--- WHAT TO WORK ON ---
Range to copy from the entries below: the line containing "Mosaic Art of" through the line containing "Rustige zonnebloemen Lijst", inclusive. Retype only those lines, exactly, without any images.

--- RECORDED INFORMATION ---
--- START ---

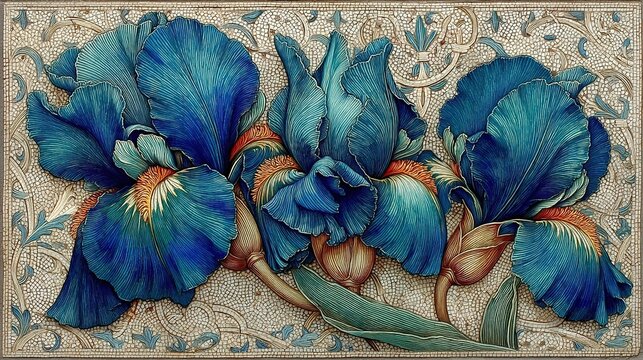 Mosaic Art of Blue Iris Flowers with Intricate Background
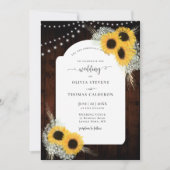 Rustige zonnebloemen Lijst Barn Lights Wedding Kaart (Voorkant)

--- END ---
--- START ---

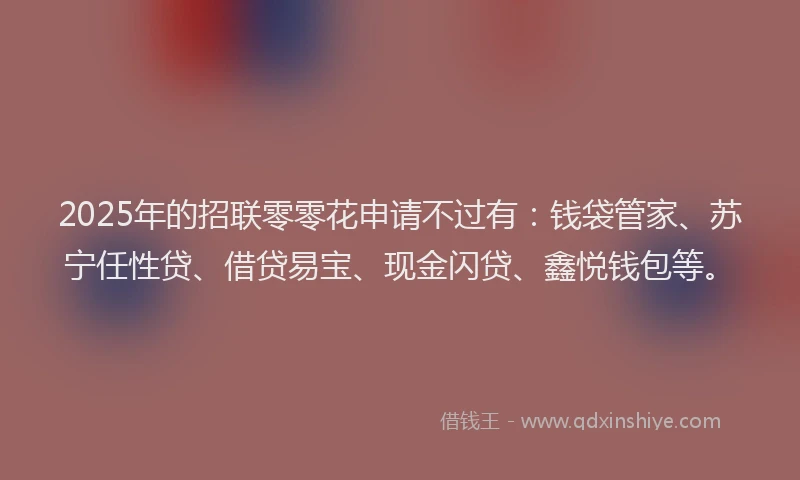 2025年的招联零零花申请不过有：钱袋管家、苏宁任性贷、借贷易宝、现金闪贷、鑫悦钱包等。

--- END ---
--- START ---

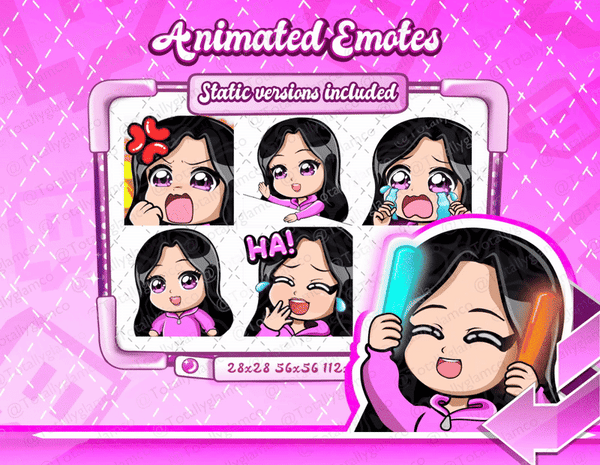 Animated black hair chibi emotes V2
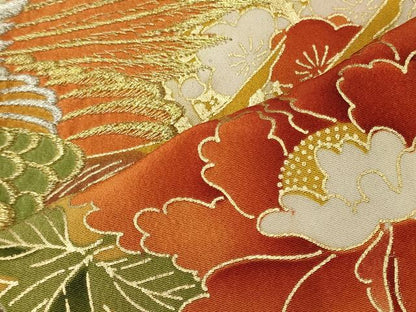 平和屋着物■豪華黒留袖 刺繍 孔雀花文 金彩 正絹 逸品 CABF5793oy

--- END ---

--- TASK RESULT ---
 Mosaic Art of Blue Iris Flowers with Intricate Background
 Rustige zonnebloemen Lijst Barn Lights Wedding Kaart (Voorkant)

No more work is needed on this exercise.